I have spoken above of Senator Davis’s admirable address delivered a quarter of a century ago. Senator Davis’s one-time partner, Frank B. Kellogg, the Government counsel who did so much to win success for the Government in its prosecutions of the trusts, has recently delivered before the Palimpsest Club of Omaha an excellent address on the subject; Mr. Prouty, of the Inter-State Commerce Commission, has recently, in his speech before the Congregational Club of Brooklyn, dealt with the subject from the constructive side; and in the proceedings of the American Bar Association for 1904 there is an admirable paper on the need of thoroughgoing Federal control over corporations doing an inter-State business, by Professor Horace L. Wilgus, of the University of Michigan. The National Government exercises control over inter-State commerce railways, and it can in similar fashion, through an appropriate governmental body, exercise control over all industrial organizations engaged in inter-State commerce.
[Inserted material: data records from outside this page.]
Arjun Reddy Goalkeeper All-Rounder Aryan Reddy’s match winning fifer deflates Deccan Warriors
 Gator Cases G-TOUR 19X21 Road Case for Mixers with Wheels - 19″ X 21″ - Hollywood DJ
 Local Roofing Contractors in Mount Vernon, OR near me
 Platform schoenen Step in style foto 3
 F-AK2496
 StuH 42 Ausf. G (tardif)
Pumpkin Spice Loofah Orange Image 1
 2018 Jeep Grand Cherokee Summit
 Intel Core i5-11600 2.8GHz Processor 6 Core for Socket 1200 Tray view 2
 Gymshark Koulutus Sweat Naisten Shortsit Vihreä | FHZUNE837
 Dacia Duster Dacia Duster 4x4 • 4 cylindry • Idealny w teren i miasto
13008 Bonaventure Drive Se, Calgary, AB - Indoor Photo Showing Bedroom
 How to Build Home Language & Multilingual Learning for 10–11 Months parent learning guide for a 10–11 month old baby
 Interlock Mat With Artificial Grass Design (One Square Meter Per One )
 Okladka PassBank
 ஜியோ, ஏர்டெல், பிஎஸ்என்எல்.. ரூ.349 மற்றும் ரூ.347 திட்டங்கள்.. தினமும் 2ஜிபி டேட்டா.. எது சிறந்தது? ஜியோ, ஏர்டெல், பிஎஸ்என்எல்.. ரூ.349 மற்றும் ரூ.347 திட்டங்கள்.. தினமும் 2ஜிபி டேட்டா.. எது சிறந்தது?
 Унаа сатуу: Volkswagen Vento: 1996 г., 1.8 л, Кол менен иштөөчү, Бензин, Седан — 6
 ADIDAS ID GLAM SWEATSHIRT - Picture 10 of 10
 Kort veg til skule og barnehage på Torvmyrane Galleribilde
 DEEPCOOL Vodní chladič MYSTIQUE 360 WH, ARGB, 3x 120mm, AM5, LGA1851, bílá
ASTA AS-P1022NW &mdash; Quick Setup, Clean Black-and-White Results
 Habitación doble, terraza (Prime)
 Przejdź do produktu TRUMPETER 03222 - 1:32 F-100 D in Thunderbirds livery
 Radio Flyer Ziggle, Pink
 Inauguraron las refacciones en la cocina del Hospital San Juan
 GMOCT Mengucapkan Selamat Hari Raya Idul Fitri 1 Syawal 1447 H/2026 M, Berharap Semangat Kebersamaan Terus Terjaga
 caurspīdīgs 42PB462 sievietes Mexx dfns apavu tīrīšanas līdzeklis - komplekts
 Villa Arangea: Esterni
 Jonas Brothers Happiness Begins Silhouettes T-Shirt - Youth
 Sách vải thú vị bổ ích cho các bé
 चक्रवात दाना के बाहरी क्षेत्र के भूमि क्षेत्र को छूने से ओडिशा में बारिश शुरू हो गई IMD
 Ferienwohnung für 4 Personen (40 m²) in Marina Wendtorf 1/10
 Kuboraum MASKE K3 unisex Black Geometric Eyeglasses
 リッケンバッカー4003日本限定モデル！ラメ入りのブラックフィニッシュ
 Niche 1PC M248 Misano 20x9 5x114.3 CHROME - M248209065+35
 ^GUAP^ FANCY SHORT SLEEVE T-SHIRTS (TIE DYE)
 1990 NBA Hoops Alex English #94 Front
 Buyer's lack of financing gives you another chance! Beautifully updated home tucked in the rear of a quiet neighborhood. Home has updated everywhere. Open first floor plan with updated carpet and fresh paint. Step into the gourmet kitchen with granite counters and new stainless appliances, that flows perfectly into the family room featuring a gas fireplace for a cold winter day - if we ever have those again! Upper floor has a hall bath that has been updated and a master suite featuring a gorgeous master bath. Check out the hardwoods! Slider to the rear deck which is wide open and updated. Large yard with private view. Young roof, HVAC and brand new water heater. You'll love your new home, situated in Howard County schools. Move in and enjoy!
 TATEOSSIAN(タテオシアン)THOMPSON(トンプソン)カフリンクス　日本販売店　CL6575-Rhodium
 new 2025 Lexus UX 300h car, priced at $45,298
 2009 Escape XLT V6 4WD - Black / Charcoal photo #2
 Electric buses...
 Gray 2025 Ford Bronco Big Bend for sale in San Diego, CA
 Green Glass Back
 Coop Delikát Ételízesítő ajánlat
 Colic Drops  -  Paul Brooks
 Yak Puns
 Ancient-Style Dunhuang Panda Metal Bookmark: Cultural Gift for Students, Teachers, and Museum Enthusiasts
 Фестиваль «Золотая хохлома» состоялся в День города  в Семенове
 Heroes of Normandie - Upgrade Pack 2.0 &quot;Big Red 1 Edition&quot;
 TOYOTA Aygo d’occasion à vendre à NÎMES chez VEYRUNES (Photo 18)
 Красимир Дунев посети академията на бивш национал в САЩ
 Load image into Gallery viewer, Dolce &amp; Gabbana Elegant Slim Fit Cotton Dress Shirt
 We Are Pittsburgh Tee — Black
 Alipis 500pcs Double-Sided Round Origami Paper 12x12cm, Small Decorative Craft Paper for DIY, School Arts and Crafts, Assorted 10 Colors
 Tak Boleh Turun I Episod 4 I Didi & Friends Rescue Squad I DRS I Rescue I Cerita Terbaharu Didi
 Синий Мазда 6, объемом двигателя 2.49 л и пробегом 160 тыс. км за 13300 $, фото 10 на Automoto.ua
This control should be exercised, not by the courts, but by an administrative bureau or board such as the Bureau of Corporations or the Inter-State Commerce Commission; for the courts cannot with advantage permanently perform executive and administrative functions.
APPENDIX B
THE CONTROL OF CORPORATIONS AND “THE NEW FREEDOM”
In his book “The New Freedom,” and in the magazine articles of which it is composed, which appeared just after he had been inaugurated as President, Mr. Woodrow Wilson made an entirely unprovoked attack upon me and upon the Progressive party in connection with what he asserts the policy of that party to be concerning the trusts, and as regards my attitude while President about the trusts.